Budowa schronów i tworzenie "miejsc ukrycia". Dr Bartosz Maziarz gościem Radia Opole
Długo wyczekiwana i bardzo ważna ustawa weszła w życie w nowym roku. To ustawa o obronie cywilnej, która zakłada powstanie systemu ochrony ludności w czasie pokoju, wojny i zagrożenia wojną.

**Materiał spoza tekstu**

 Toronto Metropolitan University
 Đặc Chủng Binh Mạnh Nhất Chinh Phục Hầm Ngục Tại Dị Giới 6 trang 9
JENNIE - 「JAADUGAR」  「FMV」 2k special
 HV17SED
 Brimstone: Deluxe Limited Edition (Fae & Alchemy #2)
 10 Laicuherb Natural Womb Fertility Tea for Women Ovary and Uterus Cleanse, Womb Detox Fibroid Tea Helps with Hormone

- Absolutnie tak - przekonuje dr Bartosz Maziarz, politolog z Uniwersytetu Opolskiego, ekspert ds. bezpieczeństwa. - Ta ustawa była niezbędna naszemu społeczeństwu, naszemu systemowi bezpieczeństwa. Jest nadzieja, że wraz z tą ustawą zaczniemy niwelować 30 lat zaniedbań, jeżeli chodzi o obronę cywilną.

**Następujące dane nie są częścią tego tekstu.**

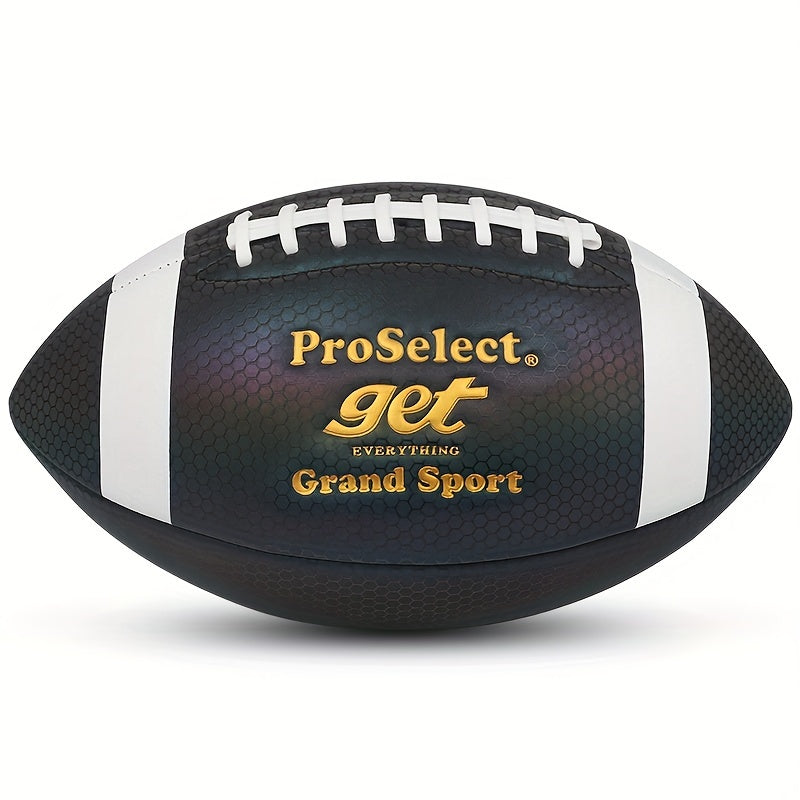 ProSelect Reflective PU Football Non Slip Wear Resistant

W porannej rozmowie pytaliśmy także, co ta ustawa oznacza dla zwykłego obywatela?
- Prawdopodobnie będzie oznaczała to, że zaczną się kampanie informacyjne dotyczące bezpieczeństwa. Będą publikowane poradniki, tak to nazwijmy, na wzór szwedzki i fiński, gdzie świadomość obywateli w tym temacie jest dość wysoka.

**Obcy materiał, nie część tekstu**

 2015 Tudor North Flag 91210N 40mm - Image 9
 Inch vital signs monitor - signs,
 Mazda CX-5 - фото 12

Czego jeszcze dotyczyć będą nowe przepisy? - Zapisy tej ustawy są dosyć jednoznaczne - tłumaczy ekspert. - Pojawia się tu między innymi kwestia systemu łączności państwowej, która dzisiaj też jest - powiedzmy sobie szczerze - średnia. No i oczywiście kwestia schronów. Ta wraca niczym bumerang od ponad dwóch lat, od drugiej fazy wojny w Ukrainie, czyli że mamy budować schrony.
Oprócz kwestii schronów, które mają być szczelnie zamykane, w ustawie jest też mowa o "miejscach ukrycia", czyli pomieszaniach w podziemiach budynków, gdzie mogliby się schronić zagrożeni niebezpieczeństwem mieszkańcy.